I appreciate the open and honest conversation thus far. Let’s
keep it up.
Cheers,
Chris
++++++++++++++++++++++++++++++++++++++++++++++++++++++++++++++++++
Chris Mattmann, Ph.D.
Chief Architect
Instrument Software and Science Data Systems Section (398)
NASA Jet Propulsion Laboratory Pasadena, CA 91109 USA
Office: 168-519, Mailstop: 168-527
Email: chris.a.mattm...@nasa.gov
WWW: http://sunset.usc.edu/~mattmann/
++++++++++++++++++++++++++++++++++++++++++++++++++++++++++++++++++
Director, Information Retrieval and Data Science Group (IRDS)
Adjunct Associate Professor, Computer Science Department
University of Southern California, Los Angeles, CA 90089 USA
WWW: http://irds.usc.edu/
++++++++++++++++++++++++++++++++++++++++++++++++++++++++++++++++++
On 6/5/16, 1:51 PM, "Jonathan Ellis" <jbel...@gmail.com> wrote:
On Sun, Jun 5, 2016 at 8:32 AM, Mattmann, Chris A (3980) <
chris.a.mattm...@jpl.nasa.gov> wrote:
1. Is Apache Cassandra useful *without* a driver? That is, can
you use the database without a driver to connect to it or in the
real world would your users all have to download at least one
driver in order to use the DB?
The users do need to download a driver--but this is pretty normal for
community-driven OSS databases. Besides the Apache projects I listed,
PostgreSQL also runs on a community-maintained driver model.
2. To confirm again, at one point at least the Java driver code
lived in the code-base, and further, at one point, people did
submit some patches to add drivers, but the PMC didn’t want to
maintain that code (and apparently they didn’t want to create
any new PMC members and/or committers to do so) and so thus
people started their own new projects? That right?
I think that summary over-emphasizes the governance aspect at the expense
of more important considerations:
0. The very first Cassandra driver interface was Thrift. No Thrift clients
were ever part of the Cassandra tree.
1. When we created the CQL protocol, we initially had a Java driver in tree
as a reference implementation.
2. But due primarily to the project management issues mentioned by Nate,
and secondarily to the governance aspects above, we moved quickly back to
the pure community-driven drivers approach that had worked for us before.
2a. While some Apache databases do ship a Java driver in tree, I think that
this hinders adoption because it signals to users that non-Java drivers are
second-class citizens. (No doubt this is not the *intent* of that
decision, but it is a likely consequence nevertheless.)
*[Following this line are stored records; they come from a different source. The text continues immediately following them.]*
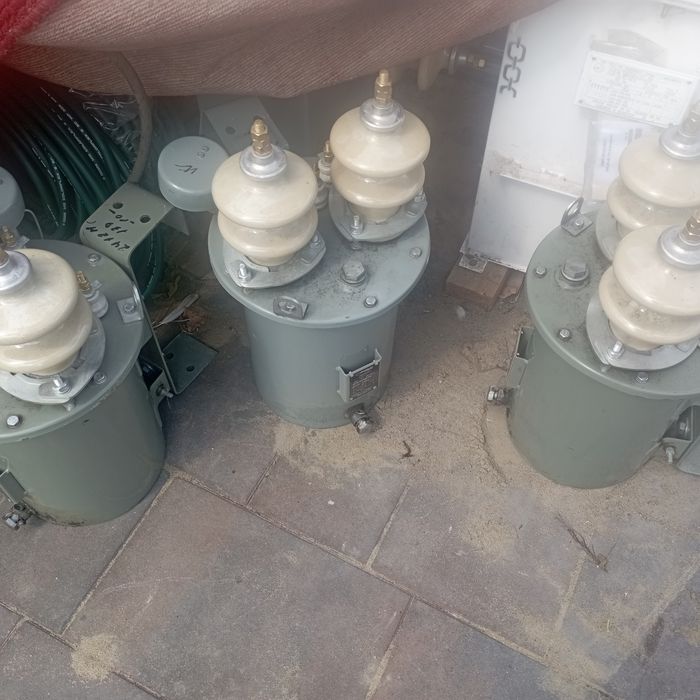 Трансформатор ОМ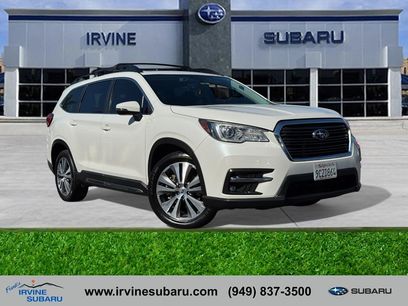 Used 2019 Subaru Ascent Limited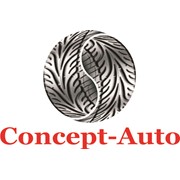 Логотип компании ConceptAuto KZ (КонцептАуто КЗ), ТОО (Актобе)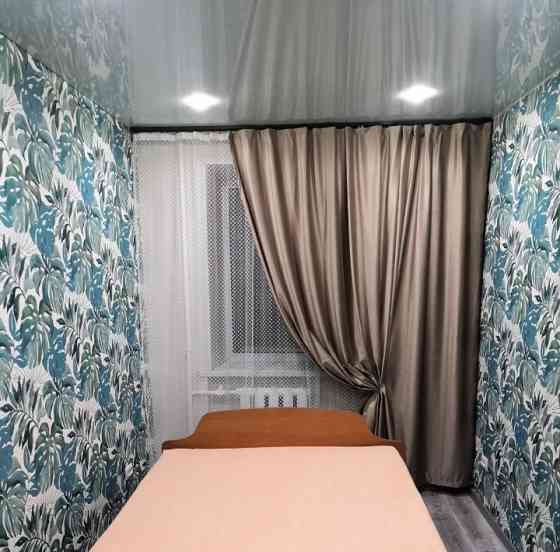 Сдаётся двухкомнатная квартира. Калининский район, рядом с Обжорой Донецк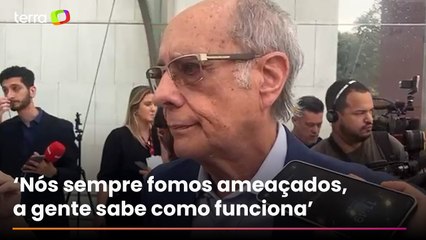 ‘A audácia dessa vez foi tremenda’, diz ex-delegado-geral sobre morte de Ruy Ferraz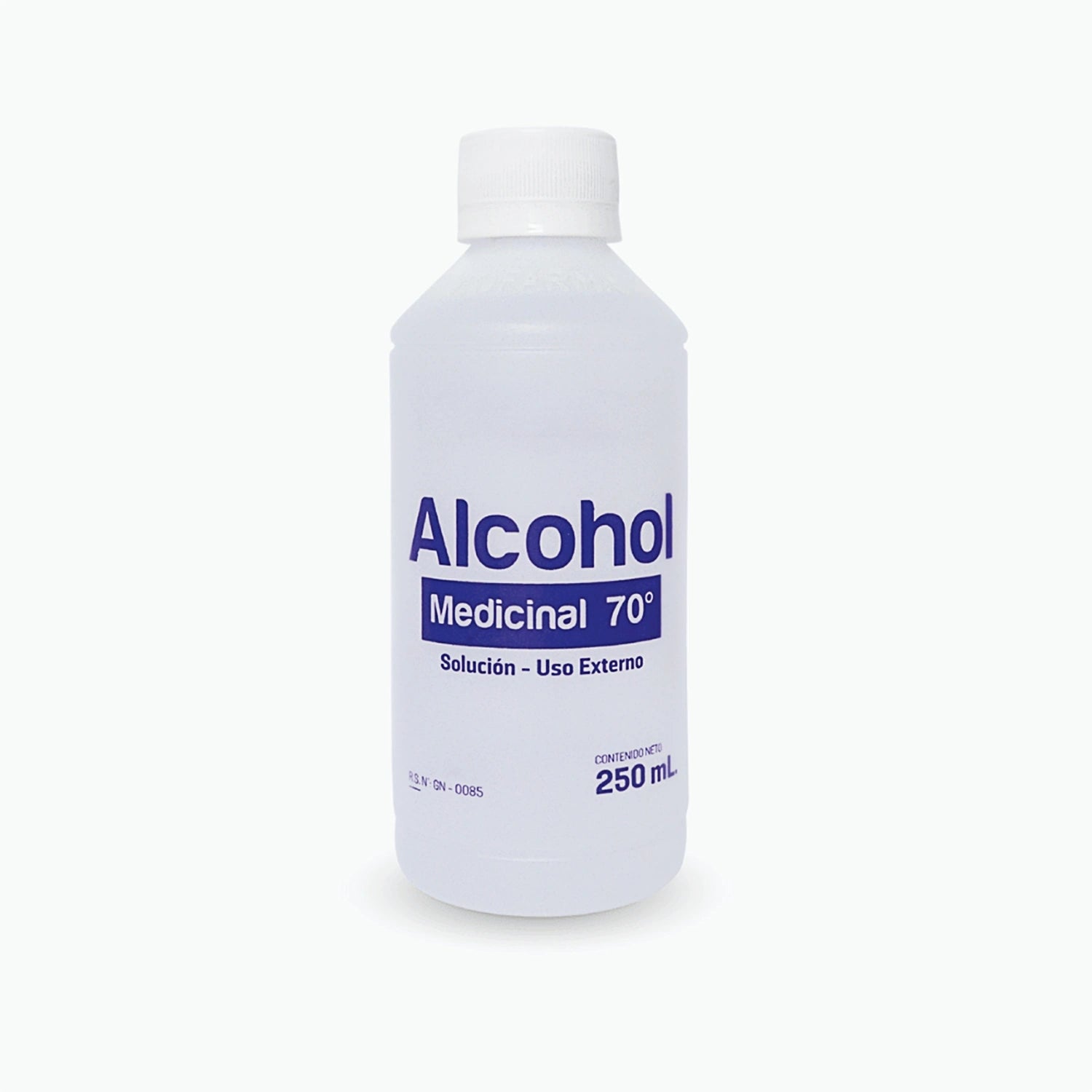Alcohol Medicinal 70°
2b. DataStax saw CQL adoption as a key driver for Cassandra adoption and
hence its own success, and hired a team to accelerate the production of
drivers for the new CQL protocol. These drivers are Apache licensed and
see broad community participation, e.g. with ~70 contributors to the Java
driver.
2c. Neither has DataStax "sucked the oxygen out of the room." Lots of
non-DataStax drivers exist as well.
As Aleksey pointed out earlier, I don't see anyone being harmed by this
state of affairs. Cassandra PMC doesn't want to run drivers projects,
driver authors don't want to be run by Cassandra PMC, and meanwhile users
have Apache licensed drivers that let them be productive with Cassandra.